某画廊@銀座の友人、すうクンからいただいたチケット。すうクンの画廊は、このヒトの墨絵淡彩画の鑑定を務めてるらしい。恥ずかしながら、どかはこのヒトの名前、いままで知らなかった。でも、送ってもらったハガキの絵は、確かに観たことあった。小雪がちらつく四条河原町、高島屋7階のグランドホールにて。

ほとんどこの画家に馴染みが無い観衆にも、容易な導入イメージ。晩年の30年間はほとんど自宅の外に出なかったらしく、作品のモチーフもごくごく限られた範囲のものだけ。そして「完成期」の作風はほぼ一貫している「ように見える」ことから、導き出されたコピーは、「超俗」「画仙」「孤独な画家」などなど。その画一的なイメージの打ち出しは、一般に広く流布する<芸術家>というもののステロタイプなイメージにかなり沿うものであり、アピール度も高いと思われる。

そしてこの場合、画家自身もそうした「超俗」な自らのイメージを創り上げていこうとする意図が見え隠れする。もちろん良い悪いの問題では無く。自らがあるイメージで他人に認められていきたいと思い、自らをプロデュースしていくことは、悪いことなんかじゃない。
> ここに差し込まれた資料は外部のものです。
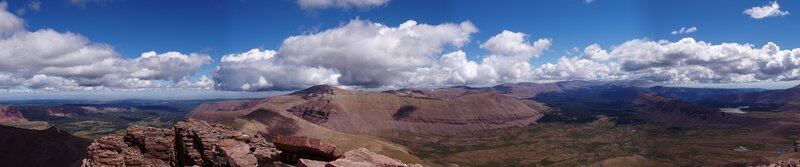 Panoramic Mountain Landscape — Blue
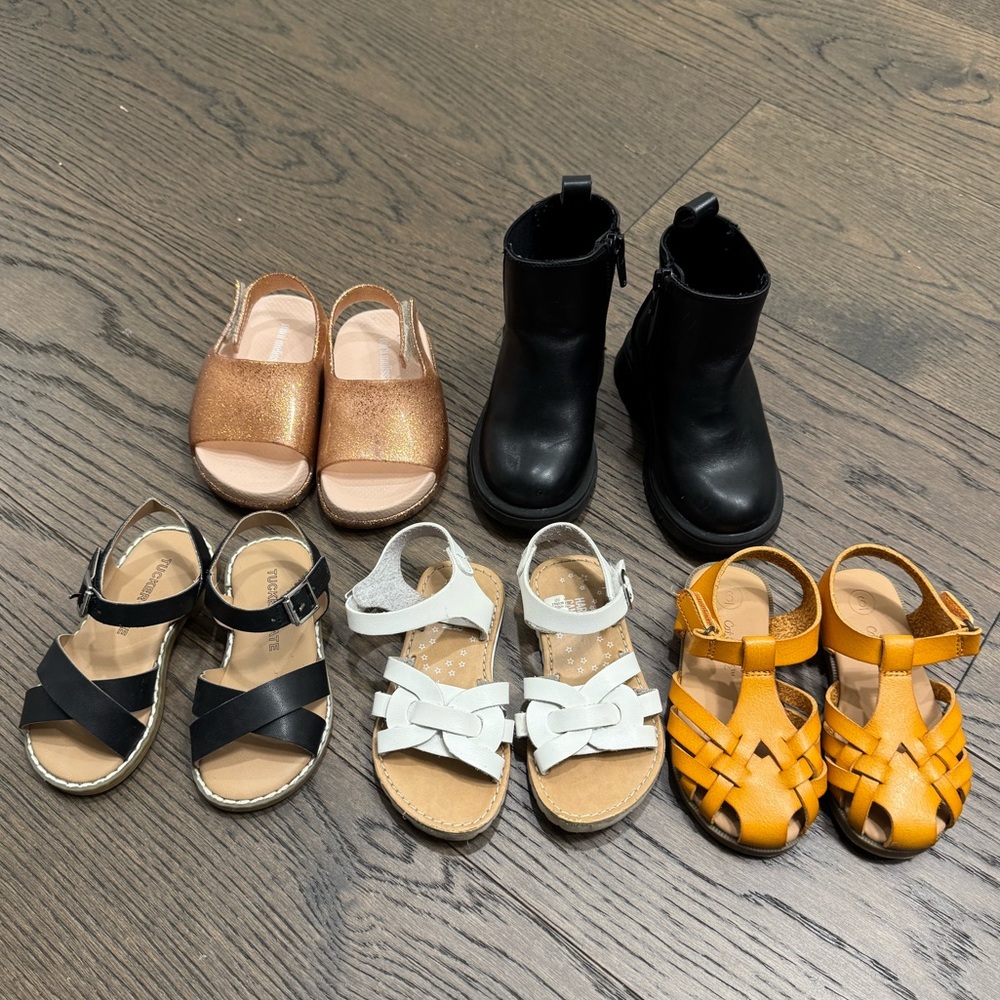 Toddler Girl Shoes - Size 6 (5 Pairs)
誰だって多かれ少なかれ、そういう戦略は保持し、日時遂行しているのだから。

どかがまずこの展覧会に感じたのは、画家が打ち出したかった神秘的なイメージを、展覧会主催者がそれを受けてさらに増幅し、そして会場に足を運んだ観客はそのイメージを嬉々として受け入れていったという、んー、あえて言葉に置き換えてしまうと「大政翼賛」的な雰囲気だった。そして、この雰囲気じたい、良い悪いという尺度で測られるべきではもちろんない(主催者側の見識は、ちょっと、疑問だけど)。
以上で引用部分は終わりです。